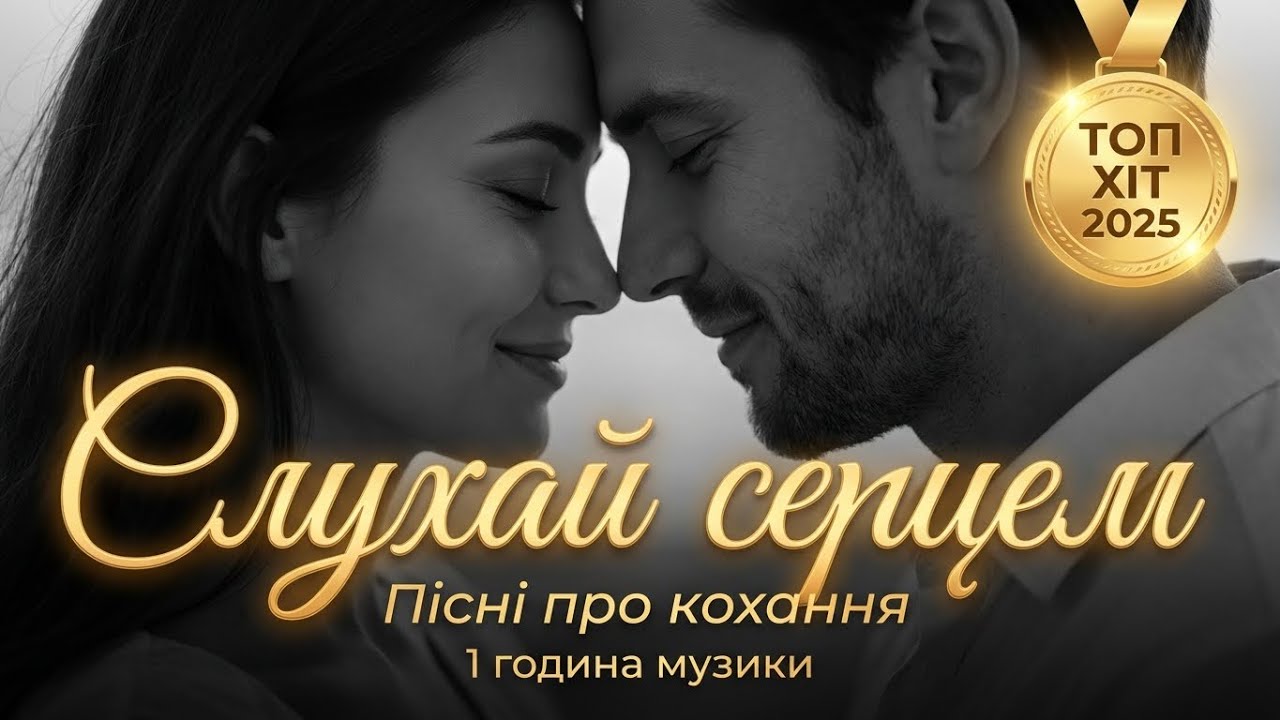 ❤️Українські Пісні Про Кохання❤️ — Beautiful Ukrainian Love Songs Mix 2025 | Romantic Playlist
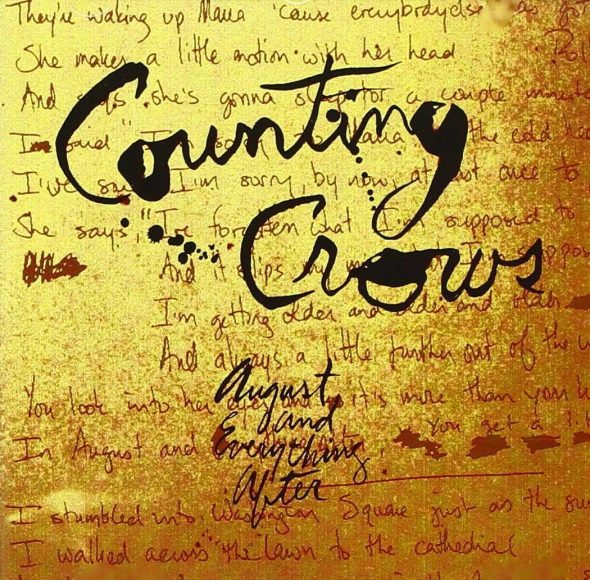 Counting Crows, August and Everything After Cover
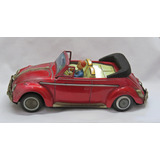 Miniatura Volkswagen Fusca Conversivel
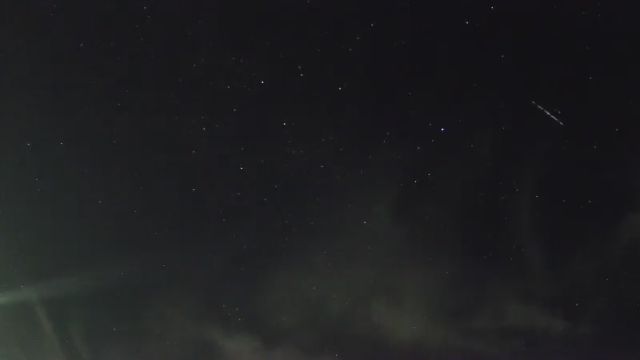 AMS268 meteor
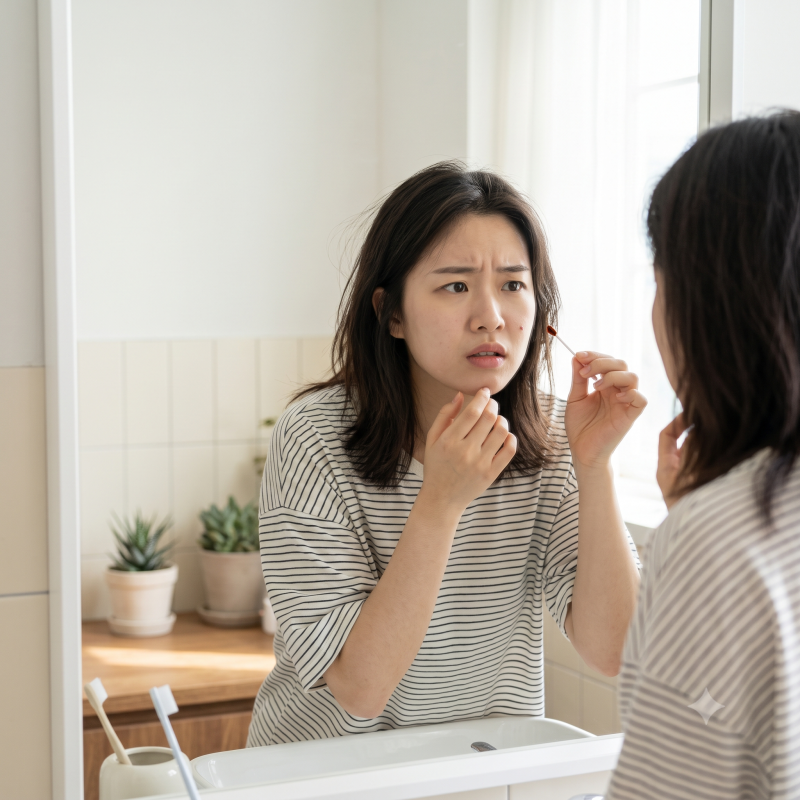 [구내염] 입병 났을 때 바르는 악마의 약 알보칠, 아픈 만큼 잘 듣는 약일까?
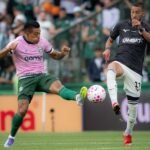 Coritiba e Botafogo igualam o placar no Couto Pereira e prolongam seca de resultados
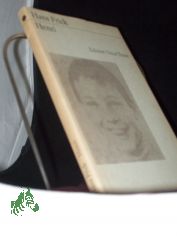 Henri / Hans Frick. [Mit e. Nachbemerkg v. Eberhard G�nther]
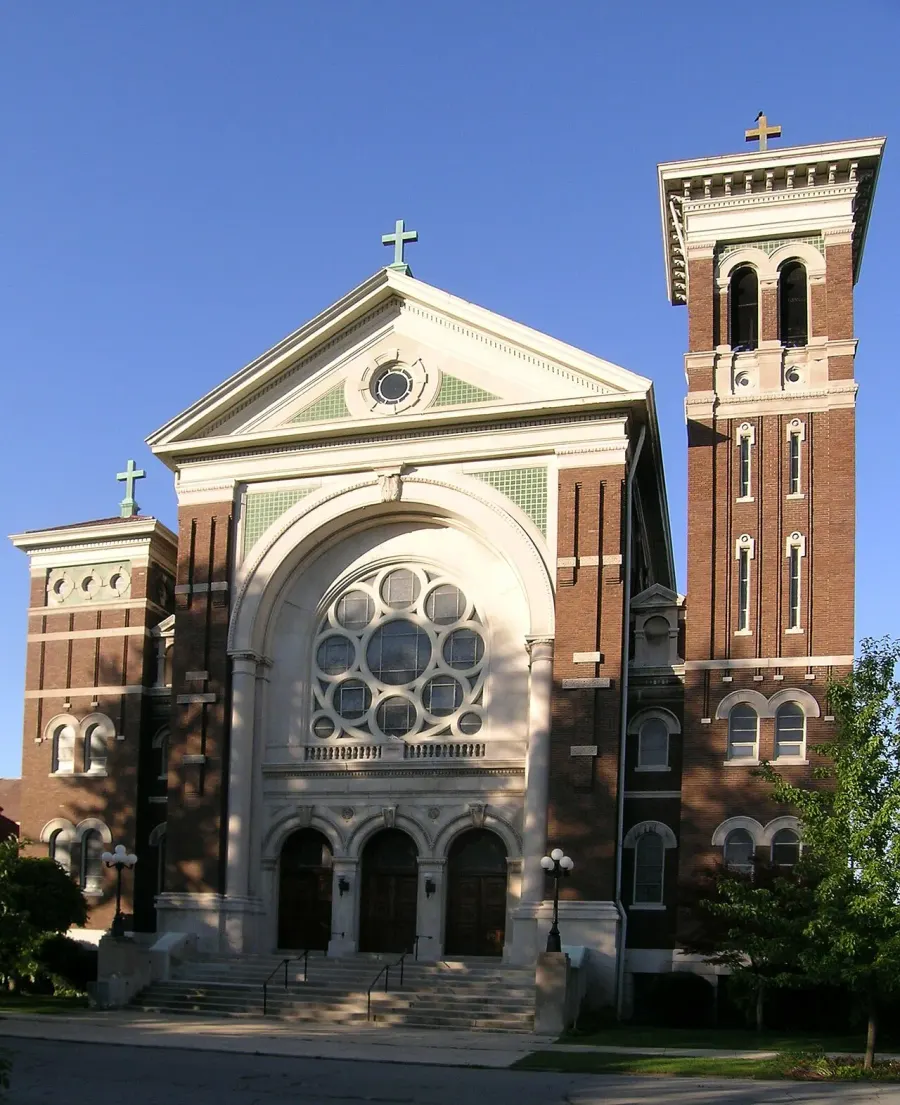 La carte Église Saint-Charles-Borromée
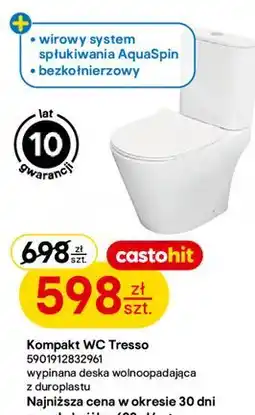 Castorama Kompakt WC Tresso oferta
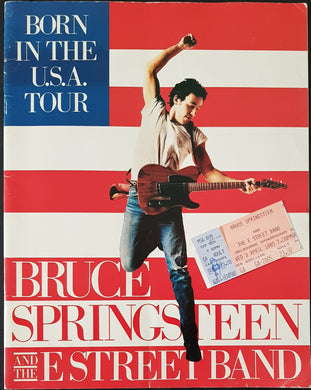 Bruce Springsteen - Born In The U.S.A. Tour - 1985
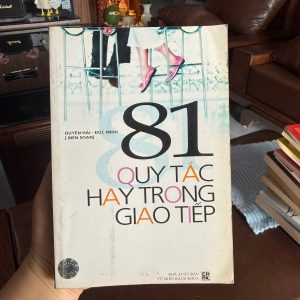 81 quy tắc hay trong giao tiếp, sách kỹ năng giao tiếp, sách kỹ năng sống hay, sách học cách nói chuyện, sách phát triển bản thân giá rẻ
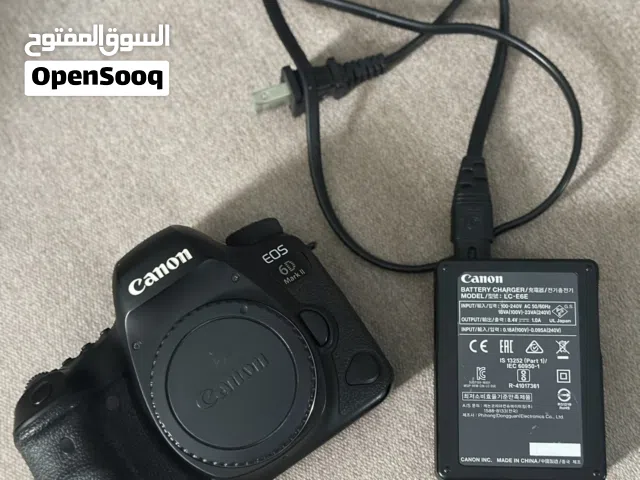 كاميرا كانون 6D ماك II بسعر مغري..!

*EXERCISE DIRECTIONS*: From the records above, transcribe exactly the lines starting at the one containing "[구내염] 입병 났을 때 바르는 악마의 약 알보칠, 아픈 만큼 잘 듣는 약일까?" and ending at the one containing "Castorama Kompakt WC Tresso oferta". Skip the pictures.

*WRITTEN RESPONSE*:
 [구내염] 입병 났을 때 바르는 악마의 약 알보칠, 아픈 만큼 잘 듣는 약일까?
 Coritiba e Botafogo igualam o placar no Couto Pereira e prolongam seca de resultados
 Henri / Hans Frick. [Mit e. Nachbemerkg v. Eberhard G�nther]
 La carte Église Saint-Charles-Borromée
 Castorama Kompakt WC Tresso oferta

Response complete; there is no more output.